Wednesday 8 November 2017

EU Rebuffs New UK Registration System. Voting Sheep? Apples

Apple Day in Ely 2012
Britain has proposed a new streamlined registration system for EU citizens applying for permanent residency in the UK, making it equivalent in cost to applying for a UK passport. However, the EU parliament still believes that EU citizens should be able to stay in the UK automatically after Britain leaves the EU and that the proposal is still inadequate.

Prime Minister May accepted the resignation of another cabinet minister, Priti Patel, the former UK international development secretary. It looks as if at one point PP was on a private visit holding these unsanctioned events, whilst her junior minister was also in Israel for official meetings, yet unaware of her activity. Another tricky decision ahead for the PM on who to bring in to fill the vacancy.

Good news then, that UK Cambridge researchers have been able to demonstrate that sheep can be taught to recognise human faces. Perhaps they could be enrolled in future elections, voting with their feet, to replace a potentially fickle human electorate that might be swayed by scandal. The downside would be the rustling of sheep voting for one candidate and retraining them to vote for another. Then there would be the dilemma of whether to eat lamb from your political persuasion as an act of solidarity, or whether to eat those from the opposition in an attempt to reduce the electorate. Mind you, with only 5.3 million sheep in the US, they might be better off with the also intelligent pig, at over 70 million.

With the NHS needing more funding to counter the increase in waiting times for hospital appointments and operations, the NHS chief Simon Stevens forecast that one in twelve of the UK population could be on a hospital waiting list by 2021. He further said that perhaps the government should start giving the NHS the money promised by the Brexit campaigners during the EU referendum campaign.

A cold having properly set in, it was a late start, finishing the touches on a brochure for a visiting German delegation to the UK next week. We had a disruptive and unexpected set of power cuts, wth a warning that we should prepare for another over the early afternoon. Not wanting a crashed computer again, I instead baked a new loaf:

150g Camilla sourdough, 200g strong white flour, 200g wholemeal bread flour, 8g salt, a level desert spoon of dried yeast (6g), 200g raw pureed apple made up to 250 ml with a bit of water and lemon juice, handful of ground hazelnuts, desertspoon of Nutella. Whilst kneading, I did have to add a bit more water. Allowed to rise for 90 minutes and then knocked back and placed in bread tin to rise for further 2h before baking. It created a denser loaf than usual, tasty, though you couldn't really tatse the apple.

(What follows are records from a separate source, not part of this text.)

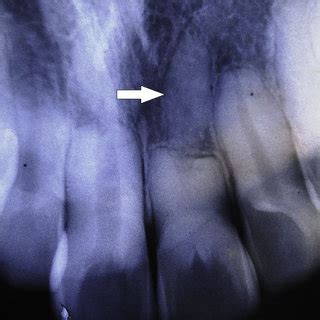 Radiograph Demonstrating Impacted Mesiodens Causing Resorption Of The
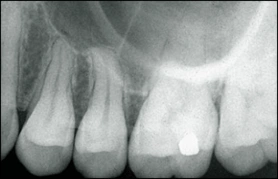 radiograph of foreshortened image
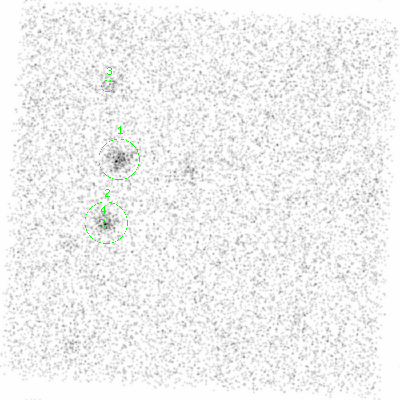 ccd5 smooth0cl image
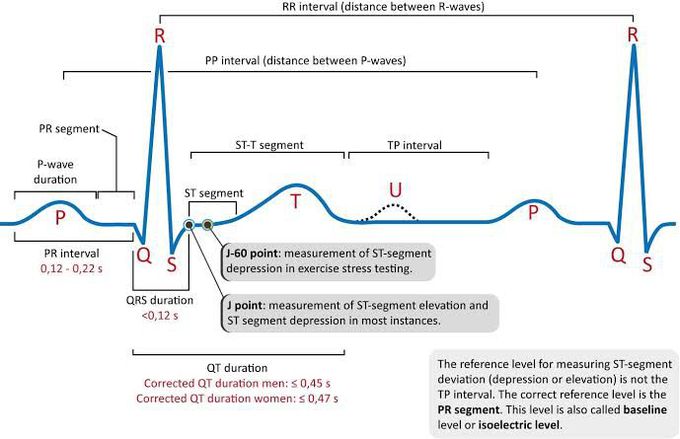 ECG interpretation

I used one of our remaining large eaters/cookers of unknown variety, quite sweet but firm. According to Elzebroek & Wind 2008, there are over 7500 cultivated apple varieties, divided into eaters, cookers and cider apples. Then there are the wild crabapples scattered in our hedgerows.

The wild ancestor of the apple originated in the mountains of southern Kazakhstan and has been cultivated and develped over millenia. It was probably the first fruit tree to be cultivated and has a special importance for us humans. Normally, apples grow into very large trees. This is countered by grafting onto root stocks that reduce the rampant growth. The extreme development are the pillars, which have very little lateral branching, great for small gardens.

To maintain a true variety, you cannot grow apples from seed, you have to propagate them from cuttings to keep them true to type. This is because fertilisation results in a mixing and shuffling of genes, so that, as with humans, the offspring can be very different from the parents. Then again, it is these new plants that could yield a variety of the future.